Extract all data as written.

Data for this exercise:
• • • • • • •
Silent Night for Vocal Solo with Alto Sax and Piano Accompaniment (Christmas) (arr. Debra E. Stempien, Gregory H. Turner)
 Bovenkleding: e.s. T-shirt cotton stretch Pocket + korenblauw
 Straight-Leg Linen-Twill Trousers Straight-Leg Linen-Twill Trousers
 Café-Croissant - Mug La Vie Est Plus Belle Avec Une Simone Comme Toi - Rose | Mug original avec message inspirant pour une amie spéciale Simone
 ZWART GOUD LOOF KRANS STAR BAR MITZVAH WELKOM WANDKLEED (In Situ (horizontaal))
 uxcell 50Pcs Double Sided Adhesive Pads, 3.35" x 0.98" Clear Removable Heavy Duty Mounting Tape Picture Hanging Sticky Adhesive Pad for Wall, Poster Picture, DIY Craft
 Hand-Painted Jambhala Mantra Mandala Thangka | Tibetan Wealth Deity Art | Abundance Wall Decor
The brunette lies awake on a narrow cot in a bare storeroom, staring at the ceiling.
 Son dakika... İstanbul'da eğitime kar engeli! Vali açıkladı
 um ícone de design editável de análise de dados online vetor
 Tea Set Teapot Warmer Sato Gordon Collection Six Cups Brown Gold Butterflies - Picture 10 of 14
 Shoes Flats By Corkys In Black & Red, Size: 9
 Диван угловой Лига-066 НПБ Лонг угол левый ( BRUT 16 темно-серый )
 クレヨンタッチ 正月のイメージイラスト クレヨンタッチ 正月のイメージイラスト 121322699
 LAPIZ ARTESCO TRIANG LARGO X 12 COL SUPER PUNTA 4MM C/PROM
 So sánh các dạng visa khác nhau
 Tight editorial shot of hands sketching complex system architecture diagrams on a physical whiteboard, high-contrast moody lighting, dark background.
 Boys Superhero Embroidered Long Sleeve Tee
• • • • • • •
Exercise output:
Silent Night for Vocal Solo with Alto Sax and Piano Accompaniment (Christmas) (arr. Debra E. Stempien, Gregory H. Turner)
 Bovenkleding: e.s. T-shirt cotton stretch Pocket + korenblauw
 Straight-Leg Linen-Twill Trousers Straight-Leg Linen-Twill Trousers
 Café-Croissant - Mug La Vie Est Plus Belle Avec Une Simone Comme Toi - Rose | Mug original avec message inspirant pour une amie spéciale Simone
 ZWART GOUD LOOF KRANS STAR BAR MITZVAH WELKOM WANDKLEED (In Situ (horizontaal))
 uxcell 50Pcs Double Sided Adhesive Pads, 3.35" x 0.98" Clear Removable Heavy Duty Mounting Tape Picture Hanging Sticky Adhesive Pad for Wall, Poster Picture, DIY Craft
 Hand-Painted Jambhala Mantra Mandala Thangka | Tibetan Wealth Deity Art | Abundance Wall Decor
The brunette lies awake on a narrow cot in a bare storeroom, staring at the ceiling.
 Son dakika... İstanbul'da eğitime kar engeli! Vali açıkladı
 um ícone de design editável de análise de dados online vetor
 Tea Set Teapot Warmer Sato Gordon Collection Six Cups Brown Gold Butterflies - Picture 10 of 14
 Shoes Flats By Corkys In Black & Red, Size: 9
 Диван угловой Лига-066 НПБ Лонг угол левый ( BRUT 16 темно-серый )
 クレヨンタッチ 正月のイメージイラスト クレヨンタッチ 正月のイメージイラスト 121322699
 LAPIZ ARTESCO TRIANG LARGO X 12 COL SUPER PUNTA 4MM C/PROM
 So sánh các dạng visa khác nhau
 Tight editorial shot of hands sketching complex system architecture diagrams on a physical whiteboard, high-contrast moody lighting, dark background.
 Boys Superhero Embroidered Long Sleeve Tee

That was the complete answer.